Javier Cámpora

Personal information
- Full name: Javier Edgardo Cámpora Bustamante
- Date of birth: 7 January 1980 (age 45)
- Place of birth: Rosario, Argentina
- Position: Striker

Youth career
- Rosario Central

Senior career*
- Years: Team / Apps / (Gls)
- 1998–2001: Rosario Central / 16 / (2)
- 2001–2003: Fénix / 54 / (17)
- 2003–2004: Rosario Central / 24 / (8)
- 2005: Deportes Concepción / 20 / (7)
- 2005–2006: Tiro Federal / 36 / (18)
- 2006: Cruz Azul / 11 / (0)
- 2007–2008: Chiapas / 33 / (13)
- 2007–2008: → Puebla (loan) / 14 / (4)
- 2008: Jaguares de Tapachula / 3 / (3)
- 2009–2010: Aris / 39 / (18)
- 2010: Colo-Colo / 13 / (4)
- 2011–2012: Huracán / 47 / (19)
- 2012–2013: Racing Club / 25 / (2)
- 2013–2014: All Boys / 31 / (3)
- 2014–2015: Veria / 28 / (5)

= Javier Cámpora =

Argentine footballer

Javier Edgardo Cámpora (born 7 January 1980 in Rosario) is a former Argentine football player who played as a striker.

== Career ==
He is a striker who has played professional football in Argentina, Uruguay, Chile, Mexico and Aris in Greece.
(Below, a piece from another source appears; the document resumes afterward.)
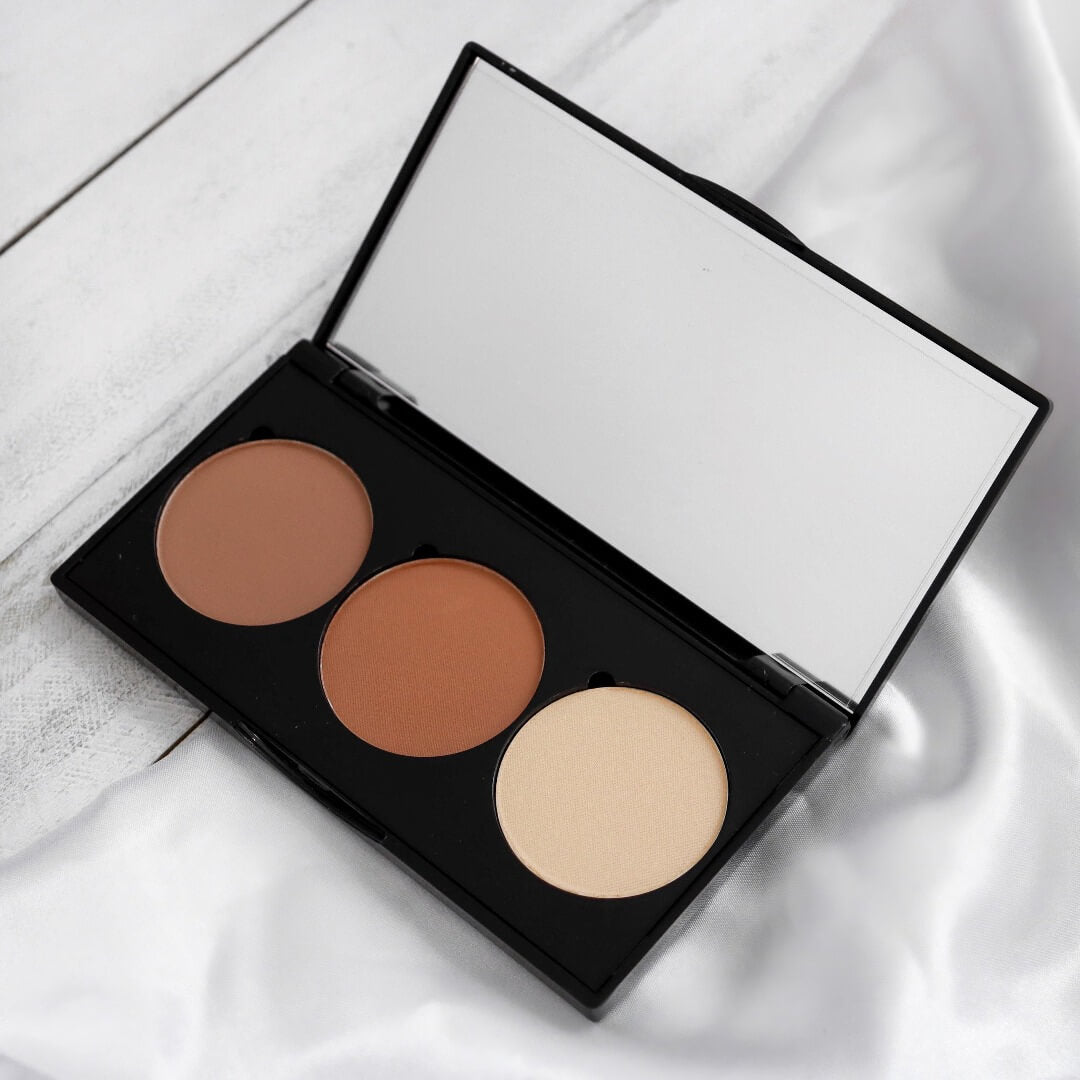 Photo de la palette de contouring en poudre ARTIST. À la droite se retrouve la teinte brun froid, au centre le brun chaud et à la droite le beige clair. Le tout dans un boîtier noir avec un miroir.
Cámpora's most notable achievement to date, was becoming the top scorer in the Apertura 2005 tournament of the Argentine Primera. He scored 13 goals despite the fact that Tiro Federal finished 19th and was relegated to Primera B Nacional.

===Aris===
In 21, January 2009 he signed a 1 1/2-year contract with Aris After nine games in Super League Greece (season 2008–09) he achieved to score five times. After having bad times with the club's former coach, Iomar Mazinho, he finally found his position on the team with the coming of Héctor Cúper. He scored 11 times in 26 games at the Greek Superleague, including two goals against PAOK and two for the Greek Cup (season 2009–2010). In April 2010 he signed a two-year contract with Aris, but unexpectedly two months later he left from the club for personal reasons.

===Later years===
One month later he signed on Chilian giants Colo-Colo but he failed to become a part of the team although he scored 4 goals on 13 matches. After leaving Colo-Colo he signed with Argentinian Huracan where although he had very good presence, 20 matches – 11 goals, the club finally relegated after a 2–0 loss from Gimnasia La Plata in Argentina's relegation playoffs in June 2011.

===Veria ===
Cámpora debuted for Veria on 24 August 2014 against Skoda Xanthi. He also played as a team regular in matchday 2 against OFI in Heraklion. He scored his first goal against Kerkyra on 14 August 2014 equalizing Javito's early goal. He scored his second goal for Veria in the Greek Cup first matchday against Ermionida. He scored his second league goal against PAS Giannina with a close header after Roberto Battión's first header in the six-yard box. Cámpora scored his third goal for Veria in a 2–2 home draw against Panionios with an amazing bicycle kick which was named as the best goal of 9th matchday. Cámpora has also provide three assists to his teammates. He scored his fourth championship goal in a 2–0 home win against Platanias during the thirteen round of Superleague, taking the rebound from Ben's 35-yard shot. Cámpora scored the opening goal in a 2–0 home win against Niki Volos. Javier scored again, in a 2–1 away defeat against Panionios in the Greek Cup. Cámpora's contract was set to expire on 31 June 2015 but it was terminated after mutual consistency on 26 May 2015. During his spell at Veria he scored five times, had three assists and appeared in 28 league games. He also scored twice in four appearances in the Greek Cup.

==Post-retirement==
Cámpora switched to construction sector and has managed parking lots. In addition, he has worked as a football agent.